According to Morello, for many Latin Americans, especially those of the lower social strata, to be religious means to inhabit an “enchanted modernity.” That is, modernity has not resulted in a decrease of religion in the region (as the secularization theory seems to imply), but instead in a transformation in religious practices rooted in the creative autonomy of believers. This means that a religious person might be able to hold seemingly contradictory practices or beliefs. A person may identify as Catholic, for example, but may not necessarily attend mass every week and may, at the same time, routinely attend Protestant congregations with friends. Thus, what may otherwise be perceived as “improper” religious practices in other parts of the world, is simply a way for Latin Americans to make sense of their lives, in the end, a reflection of their ambiguous and contradictory “lived modernity.” Through this, the author points at the ironic way in which modernity has not necessarily translated into progress for many Latin Americans but instead resulted in challenges like structural poverty, growing inequality, and environmental exhaustion, among others.

Indeed, Morello sets out to explore the relationship between modernity and religion within the Latin American context, observing the way in which different cultural and historical backgrounds yield different modes of experiencing religion. Using an object elicitation method to delve into participants’ religious practices, the researchers asked them to bring articles or photos of themselves that they deemed meaningful. The participants were at complete liberty to choose the objects and were often even responsible for photographing them. Also important to the researchers was having a significant representation of lower SES (socioeconomic status, the unit used in the study to measure social backgrounds) participants, considering nearly half of Latin Americans belong to this group.

The latter half of the book largely consists of Morello’s synthetic analysis of the data elicited by the project’s participants. In Chapter Four, the participants construct an image of God as a personal, singular being who has plans for them, but also an entity capable of granting them miracles and someone they can count on for protection and aid. Chapter Five, titled “Latin Americans’ Way of Praying,” pays heed to the myriad of forms that prayer may take for participants, many of which are not necessarily prescribed by religious institutions or, conversely, perceived as religious by the secular society. Thus, in the Latin American context, a set of factors that defines a person’s religiosity based on the embodiment and the senses is more conducive to understanding it than traditional components like confession and Sunday Mass.

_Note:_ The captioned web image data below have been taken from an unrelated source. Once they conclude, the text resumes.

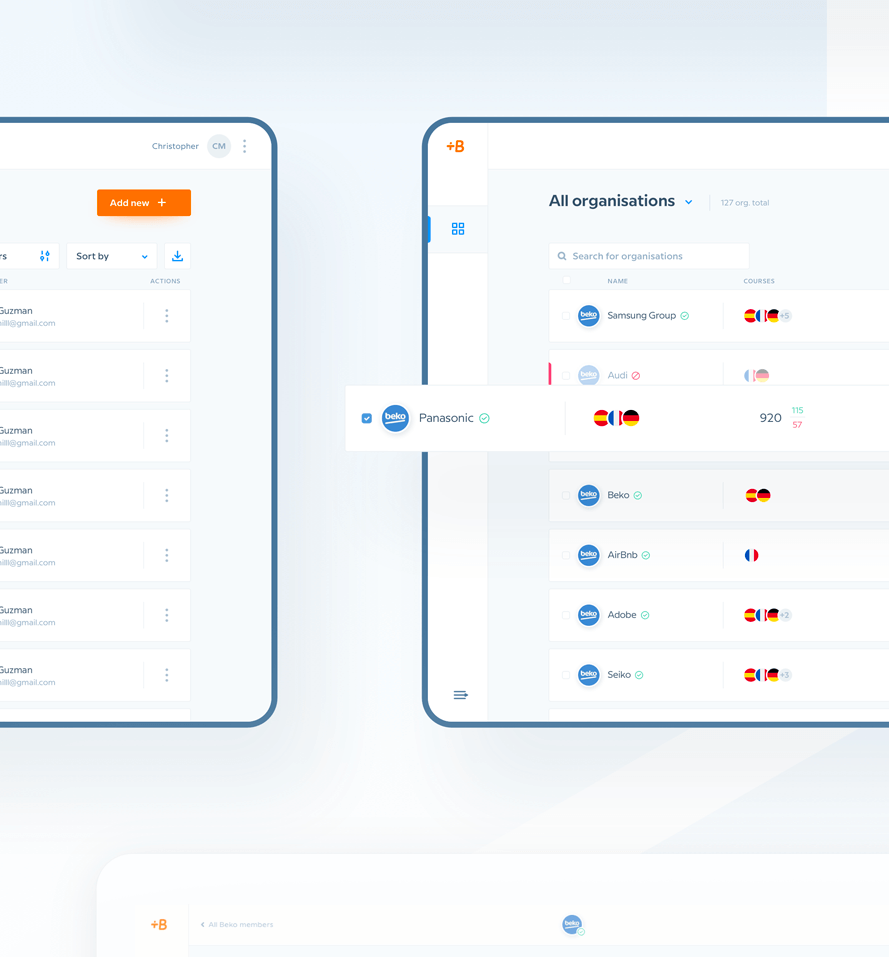 this language app dashboards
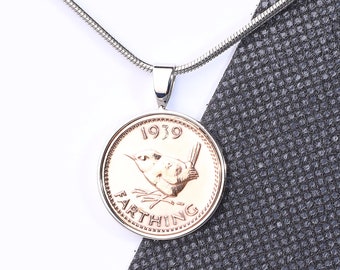 85th birthday gift farthing pendant 1939 - Wren  design-Choose Your Metal and Box Colour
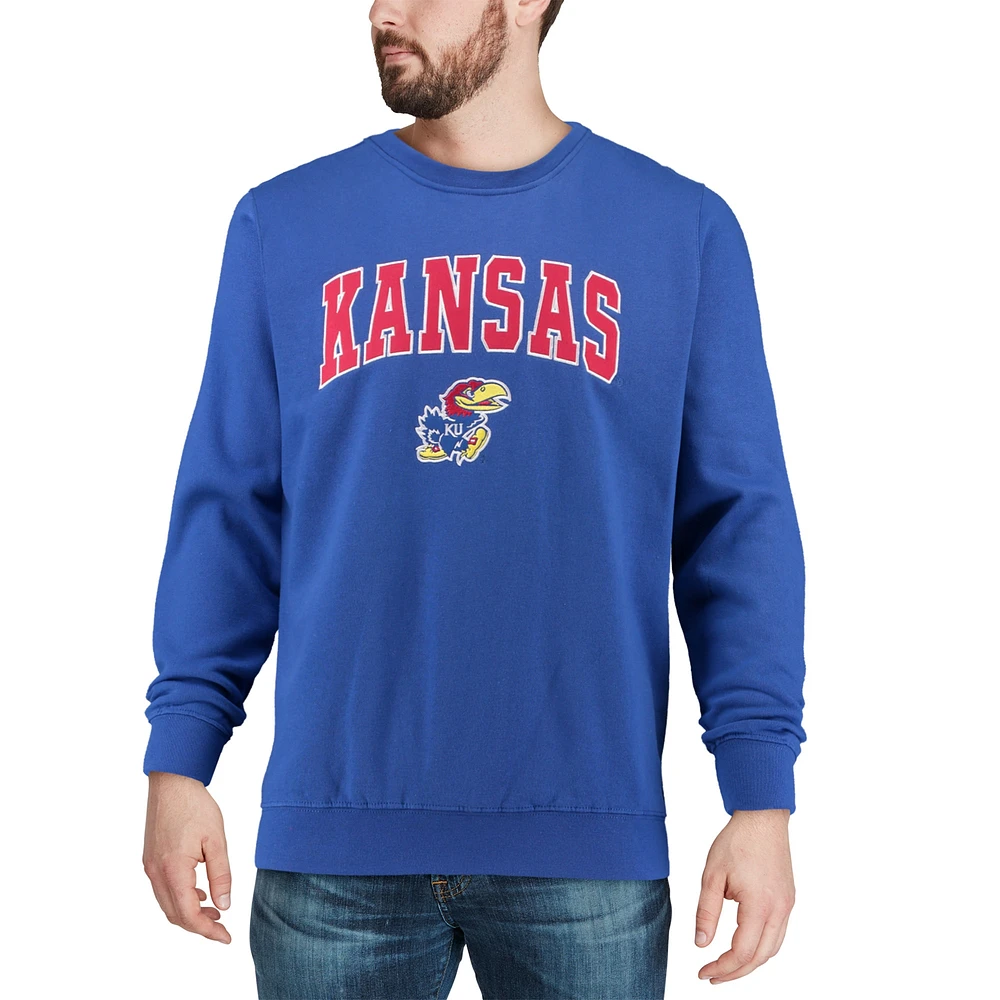 Men's Colosseum Royal Kansas Jayhawks Arch & Logo Crew Neck Sweatshirt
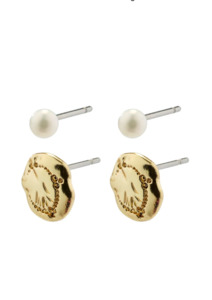 Jola Earrings - Gold Plated/White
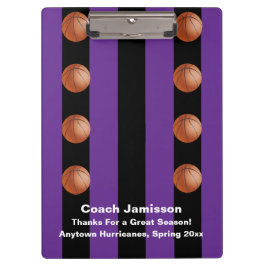 Carpeta De Pinza Gracias entrenador de baloncesto Black and Purple 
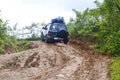 Dusty safari road in Madagascar Royalty Free Stock Photo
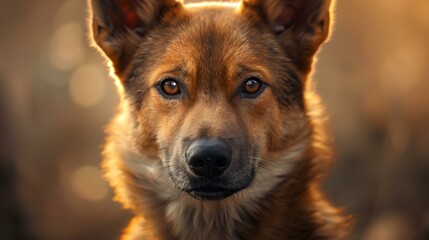 close up portrait of a brown and black dog with intense, amber eyes staring directly at the viewer, The warm sunlight illuminates its fur and creates a soft bokeh in the background.
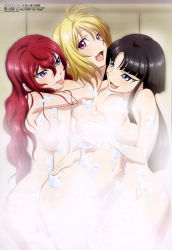Rule 34 | 10s, 3girls, :d, :p, absurdres, ahoge, alternate hairstyle, angelise ikaruga misurugi, antenna hair, arm around neck, arm around waist, armpits, ass, ass grab, bathing, black hair, blonde hair, blue eyes, blunt bangs, blush, grabbing another&#039;s breast, breast press, breasts, completely nude, convenient censoring, cowboy shot, cross ange, eye contact, female focus, fff threesome, foam, friends, from behind, from side, girl sandwich, grabbing, groin, group sex, hair between eyes, hair down, head tilt, highres, hilda (cross ange), hime cut, hug, hug from behind, indoors, large breasts, long hair, looking at another, looking back, megami magazine, multiple girls, naughty face, navel, nude, official art, open mouth, parted bangs, pink eyes, purple eyes, red hair, salamandinay, sandwiched, scan, shiny skin, short hair, sidelocks, smile, soap bubbles, soap censor, steam, steam censor, threesome, tongue, tongue out, topless, torso grab, very long hair, wavy hair, yoshikawa hiroaki, yuri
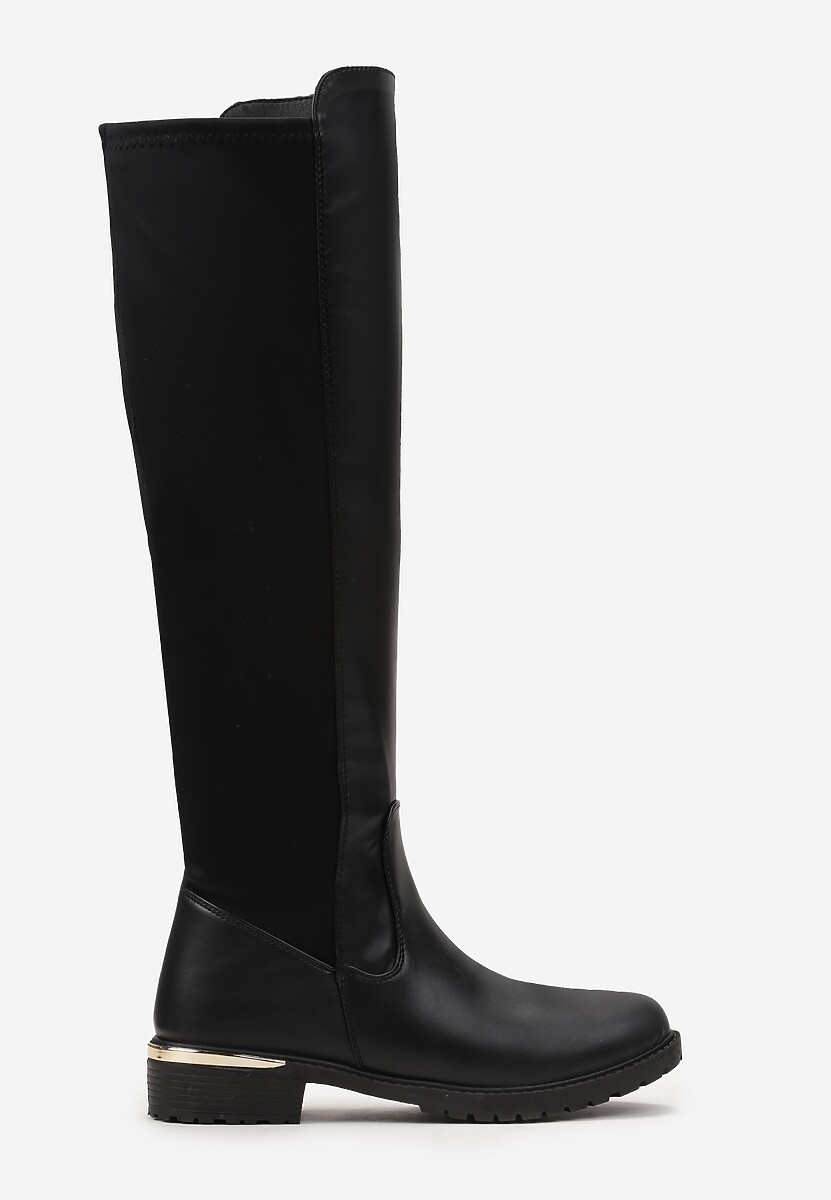 Czarne Kozaki Przed Kolano z Elastyczną Wstawką Miorcca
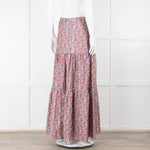 Ridley White Purple Teal Needlecord Tiered Maxi  Skirt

The book’s last chapter explores religion in Latin America’s public sphere. While this region has been heavily influenced by the French model of laicïté, whereby there is a firm separation between church and state, religion is welcomed in the public sphere when it empowers people or otherwise speaks on behalf of the oppressed. A clear example of this is the participants’ reception of Pope Francis’s opinions on matters like the market economy and same-sex marriage.

Lived Religion in Latin America takes on a sociological approach to understand how religion is lived by many Latin Americans. It does so in a clear, eloquent manner, free of unnecessary scientific jargon. From the outset, Morello is careful to define what he means by such terms as religion and modernity, and it is apparent that he has great respect for his study’s participants. In fact, as he makes the reader aware, the value of his study derives from what his study’s participants can teach us about religion, many of them from a lower socioeconomic status (which, as he mentions, is not only indicative of the Latin American people, but of the world’s population at large). Ultimately, this book presents a nuanced look at religion and the ways in which it is lived in a specific region of the world.